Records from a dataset
§
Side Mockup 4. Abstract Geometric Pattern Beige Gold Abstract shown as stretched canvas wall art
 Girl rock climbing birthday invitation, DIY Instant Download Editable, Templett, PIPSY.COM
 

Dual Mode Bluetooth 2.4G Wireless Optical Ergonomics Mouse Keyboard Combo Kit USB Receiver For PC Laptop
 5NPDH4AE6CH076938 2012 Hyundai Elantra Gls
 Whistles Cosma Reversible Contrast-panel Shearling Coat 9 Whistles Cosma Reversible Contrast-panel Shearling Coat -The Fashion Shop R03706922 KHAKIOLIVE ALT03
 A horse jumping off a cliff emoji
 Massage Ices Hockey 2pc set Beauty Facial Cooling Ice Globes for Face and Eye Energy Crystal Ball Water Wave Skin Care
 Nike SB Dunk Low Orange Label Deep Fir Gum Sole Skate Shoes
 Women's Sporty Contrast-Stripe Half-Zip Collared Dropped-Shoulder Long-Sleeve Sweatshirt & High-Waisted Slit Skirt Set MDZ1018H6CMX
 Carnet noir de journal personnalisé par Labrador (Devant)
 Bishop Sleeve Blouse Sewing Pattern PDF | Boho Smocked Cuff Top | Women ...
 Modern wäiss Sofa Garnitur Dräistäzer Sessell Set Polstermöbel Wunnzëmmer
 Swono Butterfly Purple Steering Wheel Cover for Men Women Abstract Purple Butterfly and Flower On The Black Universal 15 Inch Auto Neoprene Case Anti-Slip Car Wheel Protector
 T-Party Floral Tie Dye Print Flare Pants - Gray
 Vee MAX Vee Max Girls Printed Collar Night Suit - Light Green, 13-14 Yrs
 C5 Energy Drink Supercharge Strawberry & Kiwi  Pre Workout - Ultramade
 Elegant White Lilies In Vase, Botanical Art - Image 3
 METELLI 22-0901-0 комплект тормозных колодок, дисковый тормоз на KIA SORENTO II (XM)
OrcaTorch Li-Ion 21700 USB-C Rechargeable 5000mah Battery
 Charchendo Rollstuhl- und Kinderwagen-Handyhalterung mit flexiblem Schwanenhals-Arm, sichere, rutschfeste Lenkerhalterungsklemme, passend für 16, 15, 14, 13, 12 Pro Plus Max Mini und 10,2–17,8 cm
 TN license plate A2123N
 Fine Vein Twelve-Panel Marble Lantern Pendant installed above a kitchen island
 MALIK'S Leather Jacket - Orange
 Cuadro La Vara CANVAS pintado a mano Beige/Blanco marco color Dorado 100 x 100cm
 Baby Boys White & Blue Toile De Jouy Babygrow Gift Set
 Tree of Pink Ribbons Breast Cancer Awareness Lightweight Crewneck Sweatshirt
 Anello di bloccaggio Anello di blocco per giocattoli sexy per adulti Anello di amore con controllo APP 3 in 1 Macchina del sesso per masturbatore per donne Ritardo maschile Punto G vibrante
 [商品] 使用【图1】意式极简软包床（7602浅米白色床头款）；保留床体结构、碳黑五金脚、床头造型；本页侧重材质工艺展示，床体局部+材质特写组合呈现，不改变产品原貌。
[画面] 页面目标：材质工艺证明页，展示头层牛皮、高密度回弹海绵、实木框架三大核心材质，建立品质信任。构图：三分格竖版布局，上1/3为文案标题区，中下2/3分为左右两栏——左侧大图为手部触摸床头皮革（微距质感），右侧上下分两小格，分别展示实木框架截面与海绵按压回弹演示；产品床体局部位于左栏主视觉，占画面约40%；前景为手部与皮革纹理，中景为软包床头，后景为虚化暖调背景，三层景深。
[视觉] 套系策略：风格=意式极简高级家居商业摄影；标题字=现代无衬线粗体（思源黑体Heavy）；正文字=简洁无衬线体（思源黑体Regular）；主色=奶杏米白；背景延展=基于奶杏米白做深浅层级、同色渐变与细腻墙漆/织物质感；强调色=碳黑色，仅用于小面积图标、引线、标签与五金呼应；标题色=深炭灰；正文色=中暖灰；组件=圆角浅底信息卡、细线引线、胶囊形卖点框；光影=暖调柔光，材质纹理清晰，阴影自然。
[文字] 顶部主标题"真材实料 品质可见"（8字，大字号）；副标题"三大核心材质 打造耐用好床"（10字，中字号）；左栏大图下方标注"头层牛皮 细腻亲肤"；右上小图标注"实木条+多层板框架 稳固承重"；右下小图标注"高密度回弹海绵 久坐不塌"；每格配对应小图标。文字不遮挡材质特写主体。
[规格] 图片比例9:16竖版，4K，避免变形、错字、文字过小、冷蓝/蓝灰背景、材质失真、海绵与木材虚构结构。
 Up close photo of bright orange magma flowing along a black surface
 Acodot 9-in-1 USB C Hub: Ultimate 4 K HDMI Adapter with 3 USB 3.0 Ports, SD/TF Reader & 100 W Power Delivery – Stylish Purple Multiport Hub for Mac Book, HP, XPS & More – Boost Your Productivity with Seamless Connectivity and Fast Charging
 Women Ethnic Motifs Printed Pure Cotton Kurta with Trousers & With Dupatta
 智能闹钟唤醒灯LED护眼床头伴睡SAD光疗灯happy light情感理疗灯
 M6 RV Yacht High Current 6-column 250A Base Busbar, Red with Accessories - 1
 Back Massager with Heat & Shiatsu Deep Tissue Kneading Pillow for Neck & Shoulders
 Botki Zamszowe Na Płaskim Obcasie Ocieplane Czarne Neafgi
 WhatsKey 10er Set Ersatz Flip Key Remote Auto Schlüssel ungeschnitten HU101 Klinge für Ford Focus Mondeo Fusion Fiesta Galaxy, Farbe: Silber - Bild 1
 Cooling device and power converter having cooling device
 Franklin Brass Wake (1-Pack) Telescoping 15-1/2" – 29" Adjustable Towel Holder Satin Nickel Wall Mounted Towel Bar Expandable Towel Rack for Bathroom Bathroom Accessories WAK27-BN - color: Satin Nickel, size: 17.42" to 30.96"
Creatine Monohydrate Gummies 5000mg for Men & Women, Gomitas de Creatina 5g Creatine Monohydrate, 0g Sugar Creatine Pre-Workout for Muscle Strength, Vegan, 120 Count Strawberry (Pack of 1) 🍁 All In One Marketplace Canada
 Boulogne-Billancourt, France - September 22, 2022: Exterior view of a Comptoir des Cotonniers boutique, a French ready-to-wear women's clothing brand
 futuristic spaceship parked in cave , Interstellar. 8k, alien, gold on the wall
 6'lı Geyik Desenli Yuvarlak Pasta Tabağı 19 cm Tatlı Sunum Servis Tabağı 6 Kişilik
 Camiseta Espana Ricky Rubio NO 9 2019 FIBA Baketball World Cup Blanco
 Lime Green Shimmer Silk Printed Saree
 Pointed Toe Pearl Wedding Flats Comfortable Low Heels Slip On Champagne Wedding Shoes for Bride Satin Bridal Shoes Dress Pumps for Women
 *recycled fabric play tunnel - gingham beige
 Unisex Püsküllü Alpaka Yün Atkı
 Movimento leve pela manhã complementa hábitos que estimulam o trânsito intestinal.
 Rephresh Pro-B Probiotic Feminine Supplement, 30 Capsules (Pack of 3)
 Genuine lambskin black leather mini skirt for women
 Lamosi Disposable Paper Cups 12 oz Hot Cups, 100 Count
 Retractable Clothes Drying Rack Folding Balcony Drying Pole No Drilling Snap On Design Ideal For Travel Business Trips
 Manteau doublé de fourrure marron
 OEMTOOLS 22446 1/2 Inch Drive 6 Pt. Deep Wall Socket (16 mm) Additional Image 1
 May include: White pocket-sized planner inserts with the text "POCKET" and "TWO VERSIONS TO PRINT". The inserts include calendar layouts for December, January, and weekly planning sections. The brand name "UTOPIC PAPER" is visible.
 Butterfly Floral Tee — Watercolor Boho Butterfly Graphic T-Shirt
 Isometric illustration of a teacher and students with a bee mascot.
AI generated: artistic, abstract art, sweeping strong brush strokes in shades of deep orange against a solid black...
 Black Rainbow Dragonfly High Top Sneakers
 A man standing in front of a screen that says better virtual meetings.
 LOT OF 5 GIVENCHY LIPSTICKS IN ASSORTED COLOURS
§
» **WHAT YOU ARE ASKED TO DO**: Say how many lines in the records hold the string "Sleeve", please, and add no other words.

» **RESPONSE BOX**: 2